You faux-pas’ed, its 30PB not TB, but still small yes, all fault to STORJ, will agree, BUT i guess they did their best for given circumstances!
Means couldn’t do better because the market conditions (look at pornhub storage and traffic costs, it was MARGINAL in 2022, like 6% cost of the whole operation, no wonder companys did not search for better solutions here, because they were not forced to, but that hopefully is about to change soon, and the need for decentralization will come to play a bigger role finnaly as well, additionally to cost…

@pangolin
let me be clear, amazons and azures are multiservice molochs, they keep customers by the balls, thanks to variety of service, storj is just storage, it needs to wait for whole ecosystem of partners to develop, as a complementary substitute of those Big data companys, storj relies on computing partners, and they on Storj, its complementary cooperation in symbiosis of web3 revolution that will take down the current giants, but thats a wave and it comes slowly.
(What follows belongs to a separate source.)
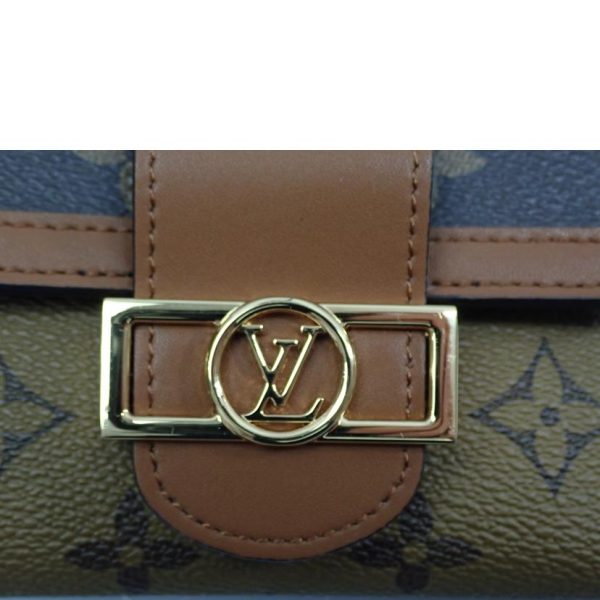 32981 7 Louis Vuitton Portefeuil Dauphine Monogram Reverse Wallet Brown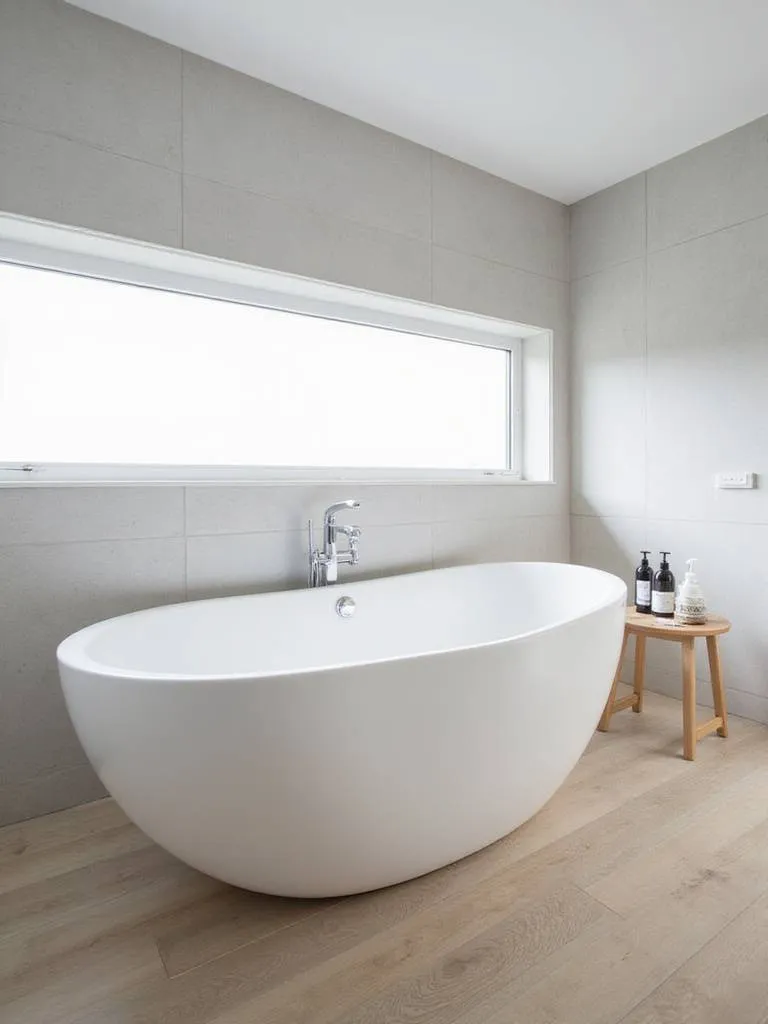 Modern bathroom with a white freestanding tub as the focal point.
Oh yes, my mistake. I changed it but what I wanted to say was based on PB of course.

Yes…
But not exact.
The thinks a differentiate here - do not rely to a “common results”

It’s not a prediction of failure. It is an assessment of the present state. Mantra of free unused resources remains a mantra.
I hope it will be fixed by the time I will need the currently allocated resources and to scale down storj.

i have 88 tb and received last month 136 usd.